The Afif Ahmet Pasa Yali
Counting suspense author Agatha Christie as one of its famous guest, the five-story, steepled neo-baroque mansion was built by Alexandre Vallaury - a French architect who also crafted the Pera Palas Hotel. This majestic house abode is located in Yenikoy and is privately owned.
The Faik & Bekir Bey Yali
Located in Yenikoy, the Faik & Bekir Bey Yali was crafted by Ottoman Imperial Architect Raimondo D'Aronco in 1906. Inspired by the art-nouveau style, this house was created for two siblings, and is thusly known as the “twins” mansion separated lengthwise to optimize its living area and sprawling views equally. Since, the building was sold separately.
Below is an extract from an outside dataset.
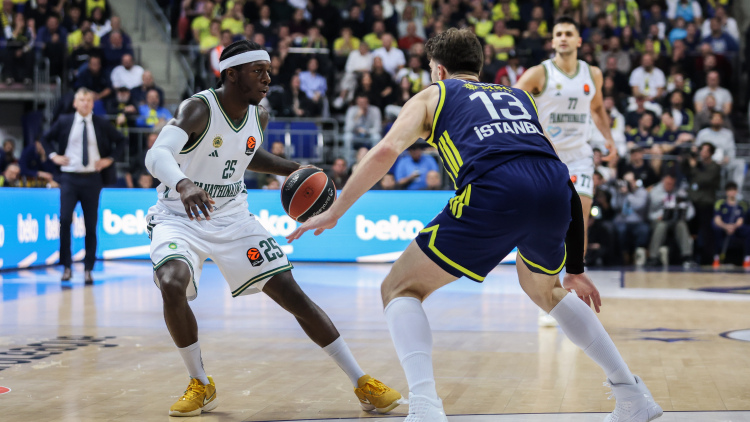 Ναν: «Έπρεπε να παίξω καλά απέναντι στους πρωταθλητές, πολύ σημαντικό ότι κερδίσαμε σε αυτή την έδρα»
The Sehzade Burhanettin Efendi Yali
Also in Yenikoy, this whopping 64-room yali is one of the largest - and, reported at more than $100 million, is the most expensive residence in Turkey according to newspaper accounts. This building was purchased in 1911 by the son of Sultan Abdul Hamid II, but is now privately owned. The property boasts a house in its backyard, and the second longest dock after the Kibrisli Yali.
The Sait Halim Pasa Yali
AKA “Pink Yali with a Lion” or, simply, “Yali with a Lion” for the two lions that face east and stand guard on either side of the mansion, it was renovated in 1995 to recapture its empire-style appeal. Sait Halim Pasa, the house's former owner, was a grand vizier who enjoyed the house for half of a decade.
While once the building bore witness to negotiations with German officials that led to Turkish involvement in WWI, today it houses Clement's Restaurant and the property is also available for all types of private functions.
The Huber Kosku/ Presidential Residence
Taking its name from its former owner, a German who represented the Krupp Company in the sales of weapons to the Ottomans. The government claimed the residence to be used as a presidential retreat in 1985. The grounds include a barn, garage, employee's quarters, rolling gardens, and 160 acres of woods.
The German Consulate's Summer Residence
Abdulhamid II is said to have spent his early years here, and later presented the yali to the Kaiser Wilhelm as a token of his appreciation, after the latter agreed to re-establish the navy of the Ottoman Empire. This abode, located in Tarabya Bay, was created by a Belgian architect and is surrounded by 45 acres of woods.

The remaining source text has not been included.